The initial document contains scripts which providing the modality component functionality (e.g. understanding XML formatted life-cycle events) and message transport capabilities (e.g. AJAX, but depends on the exact system implementation).
After loading the initial documents (and scripts) the modality component implementation issues a mmi:newContextRequest message to the IM. The IM may load a corresponding markup document, if necessary, and initializes and starts a new session.
In this scenario the Interaction Manager manager logic issues a number of mmi:startRequest messages to the various modality components. One message is sent to the graphical modality component (GUI) to instruct it to load a HTML document. Another message is sent to a voice modality component (VUI) to play a welcome message.
The voice modality component has (in this example) to create a VoiceXML session. As VoiceXML 2.1 does not provide an external event interface a CCXML session will be used for external asynchronous communication. Therefore the voice modality component uses the session creation interface of CCXML 1.0 to create a session and start a corresponding script. This script will then make a call to a phone at the user device (which could be a regular phone or a SIP soft phone on the user's device). This scenario illustrates the use of a SIP phone, which may reside on the users mobile handset.
After successful setup of a CCXML session and the voice connection the voice modality component instructs the CCXML browser to start a VoiceXML dialog and passing it a corresponding VoiceXML script. The VoiceXML interpreter will execute the script and play out the welcome message. After the execution of the VoiceXML script has finished, the voice modality component notifies the Interaction Manager using the mmi:done event.
The next diagram gives a example for the possible message flow while processing of user input. In the given scenario the user wants to enter information using the voice modality component. To start the voice input the user has to use the "push-to-talk" button. The "push-to-talk" button (which might be a hardware button or a soft button on the screen) generates a corresponding event when pushed. This event is issues as a mmi:extension event towards the Interaction Manager. The Interaction Manager logic sends a mmi:startRequest to the voice modality component. This mmi:startRequest message contains a URL which points to a corresponding VoiceXML script. The voice modality component again starts a VoiceXML interpreter using the given URL. The VoiceXML interpreter loads the document and executes it. Now the system is ready for the user input. To notify the user about the availability of the voice input functionality the Interaction Manager might send an event to the GUI upon receiving the mmi:startResponse event (which indicates that the voice modality component has started to execute the document). But note that this is not shown in the picture.
The VoiceXML interpreter captures the users voice input and uses a speech recognition engine to recognize the utterance.
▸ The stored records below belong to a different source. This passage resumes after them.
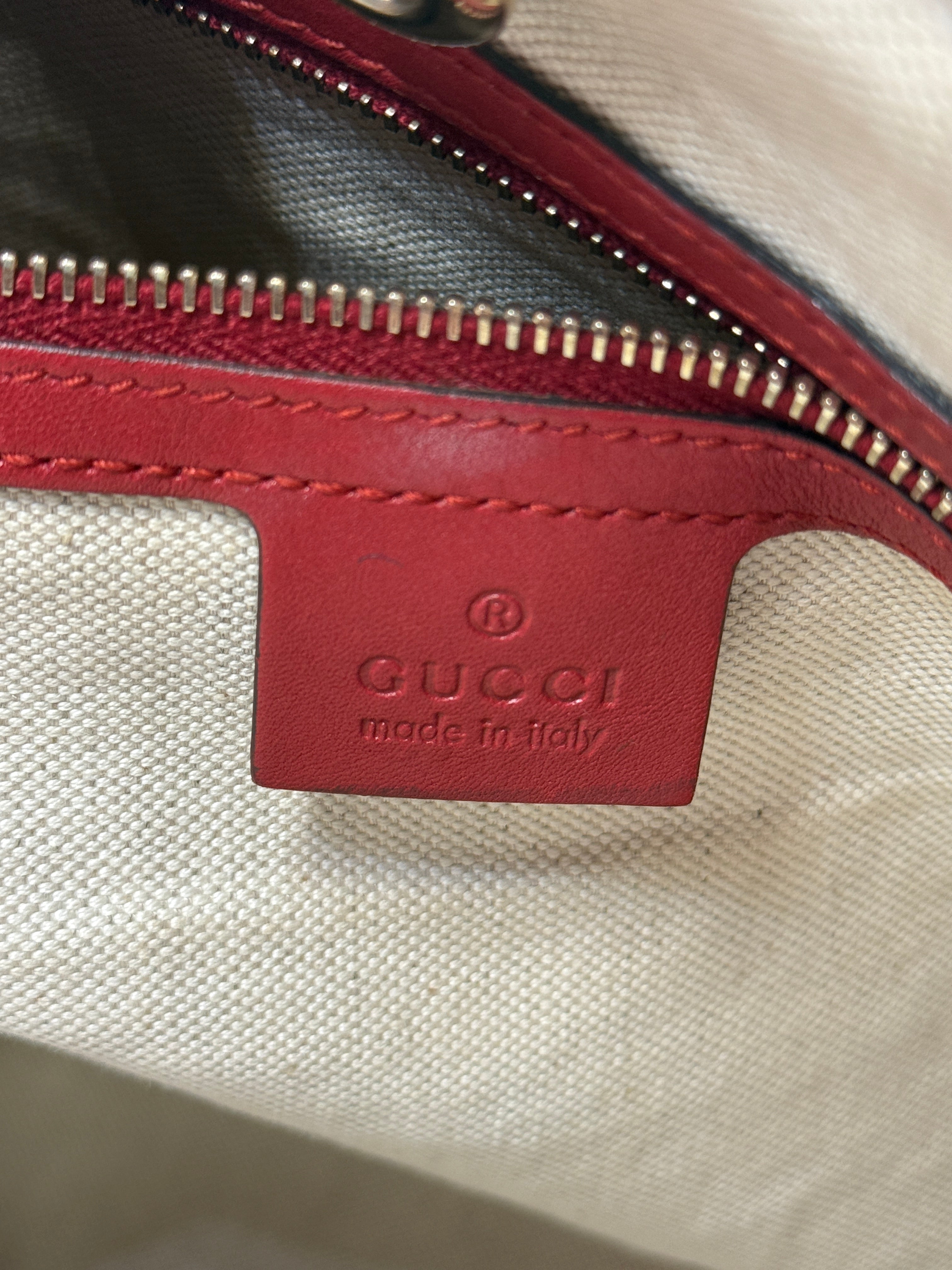 Gucci Red Guccissima Patent Leather Tote Bag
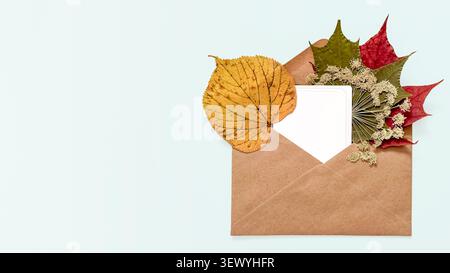 Busta autunnale con carta bianca, foglie secche e fiori selvatici Foto Stock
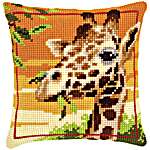 Click for more details of Giraffe Cushion Front (tapestry) by Vervaco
The speech recognition result will be represented as an EMMA document and sent to the interaction manager using the mmi:done message. The Interaction Manager logic sends a mmi:extension message to the GUI modality component to instruct it to display the recognition result.
In the following scenario a modality component instance will be destroyed as a reaction to a user input, e.g. because the user selected to change to the GUI only mode. In this case a mmi:clearContextRequest will be issued to the voice modality component. The voice modality component wrapper will then destroy the CCXML (and VoiceXML) session.
The application logic (i.e. the IM) may also decide to indicate the removed voice functionality and disable an icon on the screen which indicates the availability of the voice modality.
The MMI architecture specification describes a set of lifecycle events which define the basic interface between the interaction management and the modality components. The startRequest lifecycle event defines the "content" and "contentURL" elements which may contain markup code (or references to markup code). The markup has to be executed by the modality component. Using the "content" or "contentURL" attributes introduces a dependency of the lifecycle event to a specific modality component implementation. In other words, the interaction manager has to issue different startRequests, depending on which markup a GUI modality component may be able to process.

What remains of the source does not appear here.